Description:

All DNA is composed of a series of nucleotides abbreviated as A, C, G, and T, for example: "ACGAATTCCG". When studying DNA, it is sometimes useful to identify repeated sequences within the DNA.

Write a function to find all the 10-letter-long sequences (substrings) that occur more than once in a DNA molecule.

Example:

Input: s = "AAAAACCCCCAAAAACCCCCCAAAAAGGGTTT"
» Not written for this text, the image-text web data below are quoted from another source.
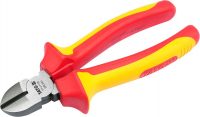 Auto instrumenti un iekārtas - INSULATED SIDE CUTTING PLIERS 160MM VDE (YT-21158)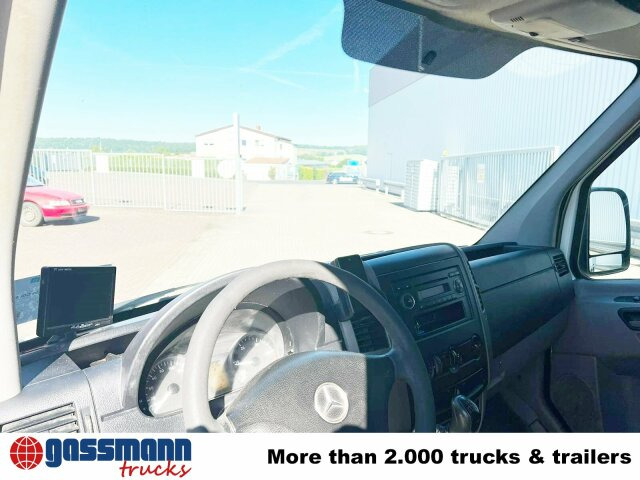 Mercedes-Benz Sprinter 209 CDI 4x2 Doka - Flatbed van, Combi van: picture 2 Mercedes-Benz Sprinter 209 CDI 4x2 Doka - Flatbed van, Combi van: picture 2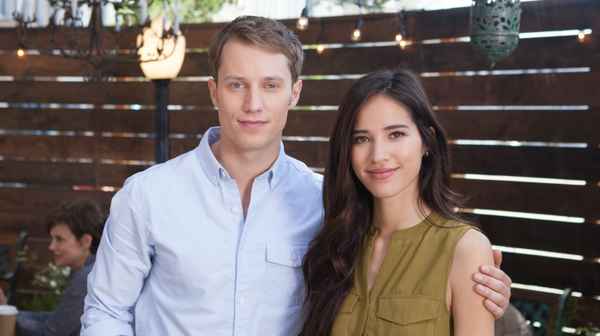 Brimming with Love Poster 3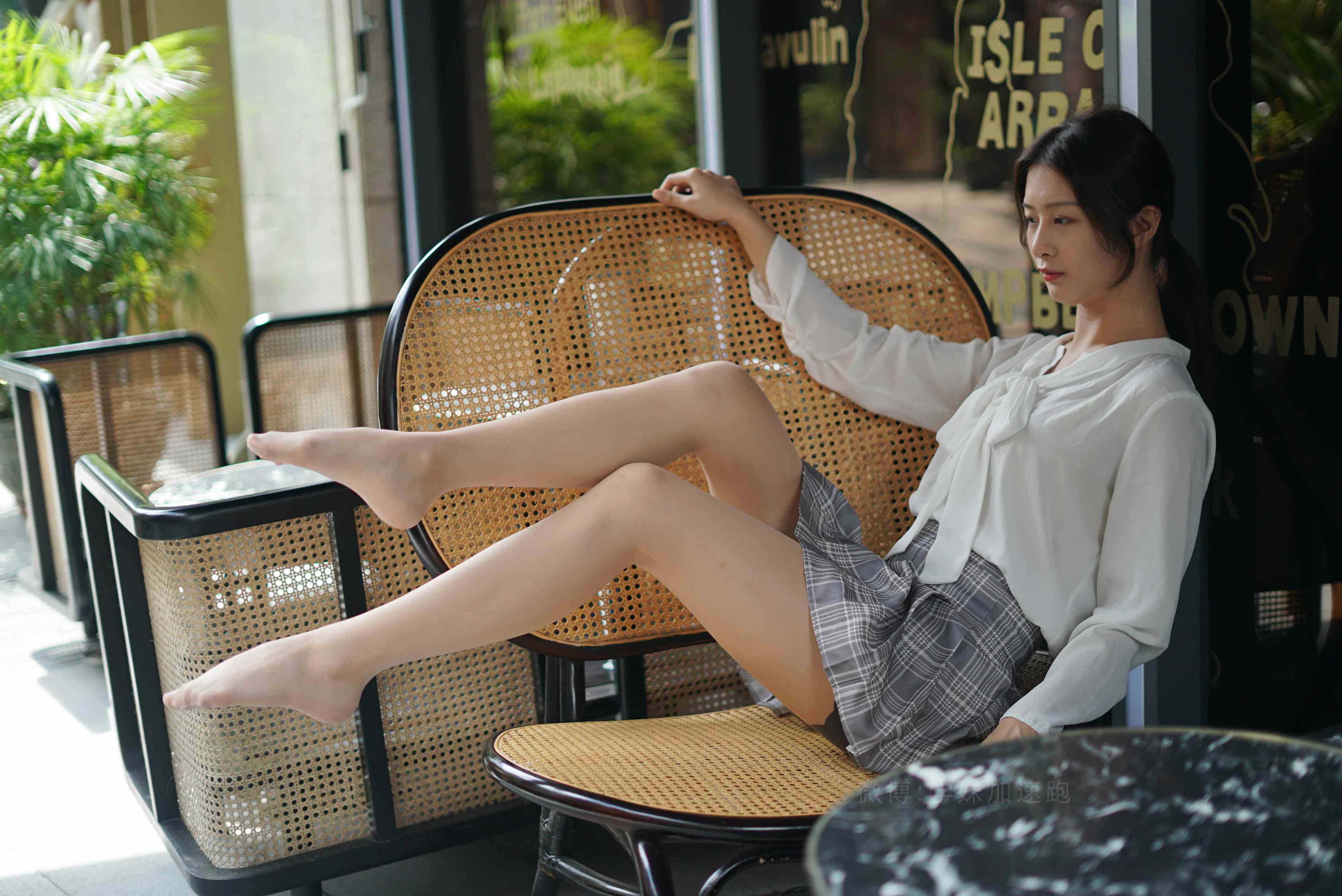 China Beauty Legs and feet 1511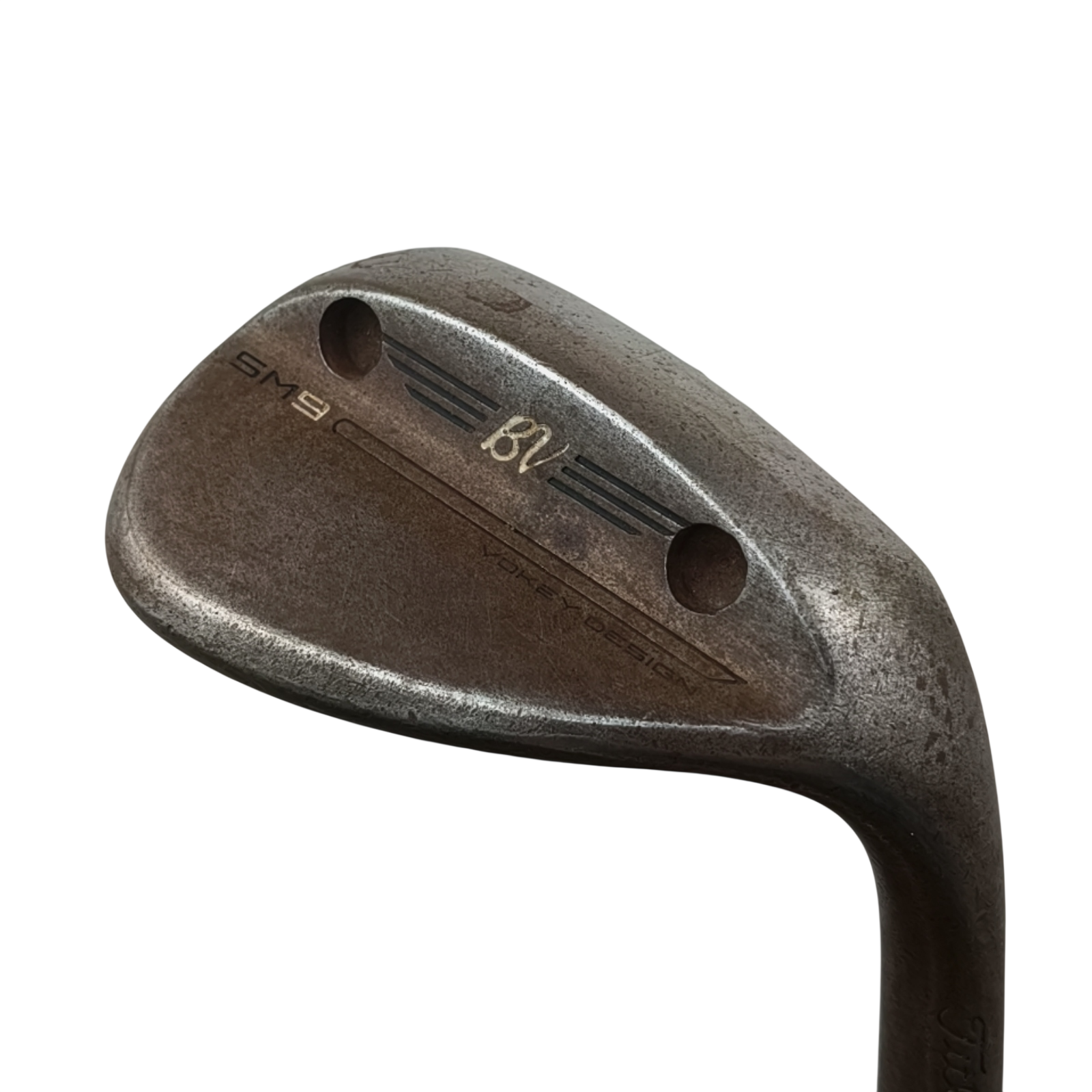 Titleist SM9 Oil Canned Wedge / Flex Wedge / 60/04 [bg:photoroom-fallback]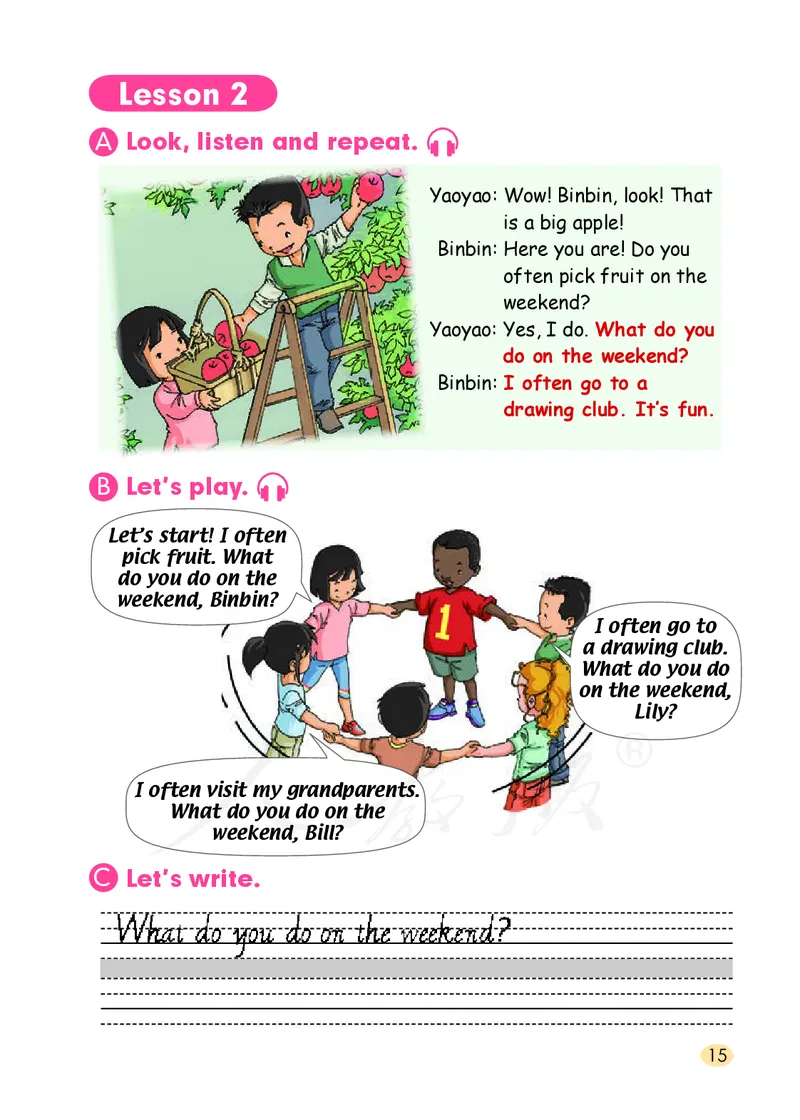 人教版（一年级起点）四年级上册英语PDF电子课本_小学1-6年级全部试卷_英语_四年级_3-9-5、小学四年级英语上册_3-9-5-4、电子教材、课本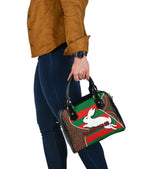 Rabbitohs Shoulder Hand bag - Vibe Hoodie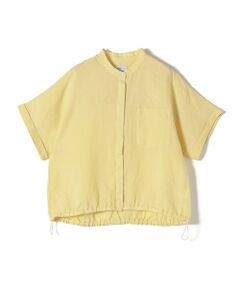 SHIPS / シップス シャツ・ブラウス | 《予約》SHIPS Colors:〈洗濯機可能〉ユーロリネン ドロスト シャツ2◆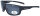 Montana Eyewear SP313 in Schwarz - Polarisierende Sonnenbrille aus mattem Kunststoff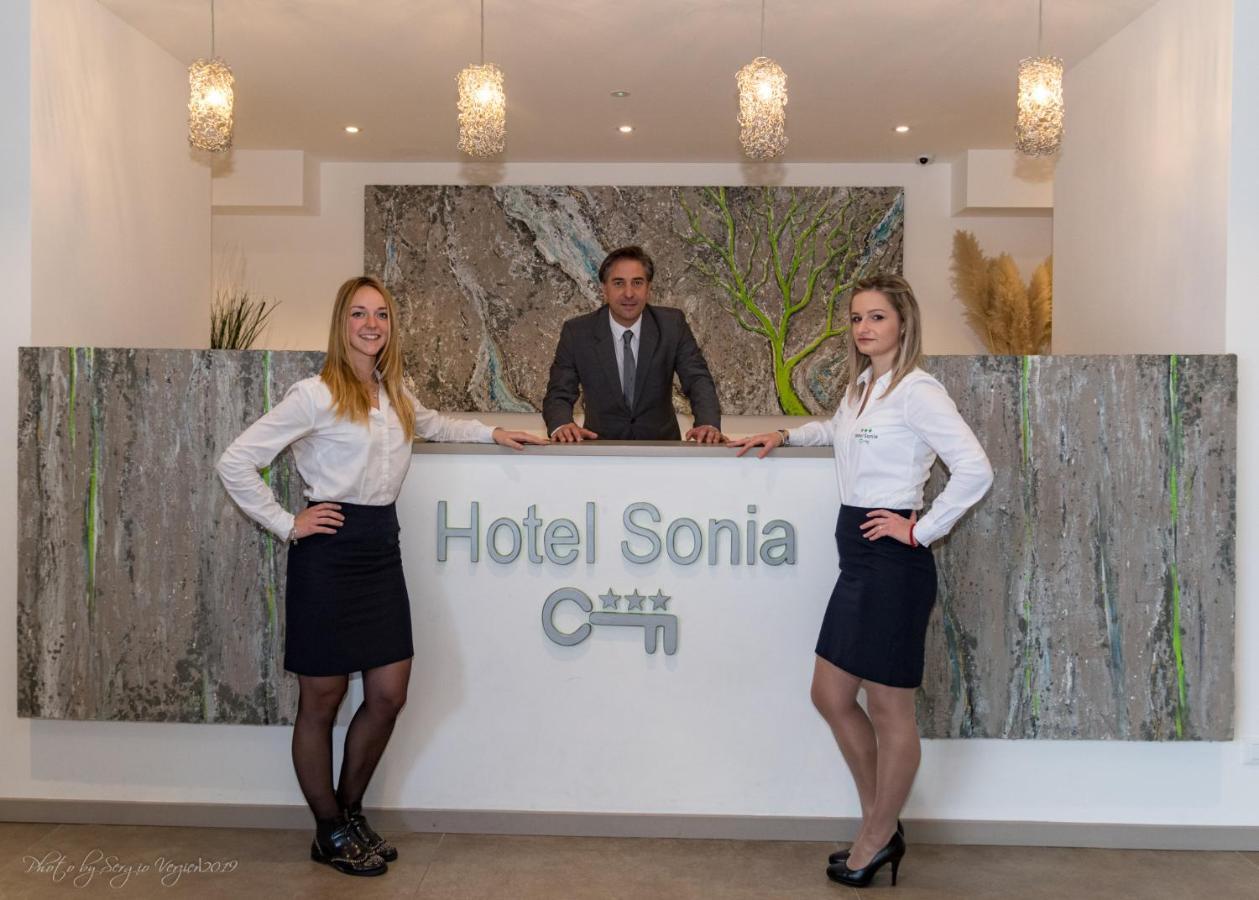 Hotel Sonia Aquilinia Εξωτερικό φωτογραφία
Output: ["AAAAACCCCC", "CCCCCAAAAA"]

Solution:

No masking and re-encoding:

NOTE:

• 没想到竟然不是用DP解
• 注意输出结果要去重
• range(l-9) 不是 range(l-10)

from collections import defaultdict
class Solution:
    def findRepeatedDnaSequences(self, s: str) -> List[str]:
        l = len(s)
        if l <= 10:
            return []
        
        dic = defaultdict(int)
        ret = []
        for i in range(l-9):
            cache = s[i:i+10]
            if dic[cache] == 1:
                ret.append(cache)
            dic[cache] += 1
        
        return ret

Runtime: 88 ms, faster than 14.75% of Python3 online submissions for Repeated DNA Sequences.
Memory Usage: 27.5 MB, less than 8.11% of Python3 online submissions for Repeated DNA Sequences.

Remove l<=10 check

from collections import defaultdict
class Solution:
    def findRepeatedDnaSequences(self, s: str) -> List[str]:
        l = len(s)
        
        dic = defaultdict(int)
        ret = []
        for i in range(l-9):
            cache = s[i:i+10]
            if dic[cache] == 1:
                ret.append(cache)
            dic[cache] += 1
        
        return ret

Runtime: 72 ms, faster than 53.01% of Python3 online submissions for Repeated DNA Sequences.
Memory Usage: 27.5 MB, less than 8.11% of Python3 online submissions for Repeated DNA Sequences.

sample 52 ms submission

class Solution:
    def findRepeatedDnaSequences(self, s: str) -> List[str]:
        container = set()
        res = set()
        for i in range(len(s) - 9):
            sub = s[i:i+10]
            if sub not in container:
                container.add(sub)
            else:
                res.add(sub)
        return res

CPP solutions using the mask: https://www.cnblogs.com/grandyang/p/4284205.html

Python solution with mask:

NOTE: 每一个碱基用2bit表示，10个一共是20bit，所以mask是0xfffff，5个f

class Solution:
    def findRepeatedDnaSequences(self, s: str) -> List[str]:
        if len(s) <= 10:
            return []
        
        to_bit = {"A":0b0,"C":0b1,"G":0b10,"T":0b11}
        cache = 0
        for i in range(9):
            cache = cache << 2 | to_bit[s[i]]
        
        mask = 0xfffff
        dic = set()
        ret = set()
        for i in range(len(s)-9):
            cache = (cache << 2 | to_bit[s[i+9]]) & mask
            if cache in dic:
                ret.add(s[i:i+10])
            else:
                dic.add(cache)
                
        return ret

Runtime: 64 ms, faster than 83.06% of Python3 online submissions for Repeated DNA Sequences.
Memory Usage: 23.1 MB, less than 100.00% of Python3 online submissions for Repeated DNA Sequences.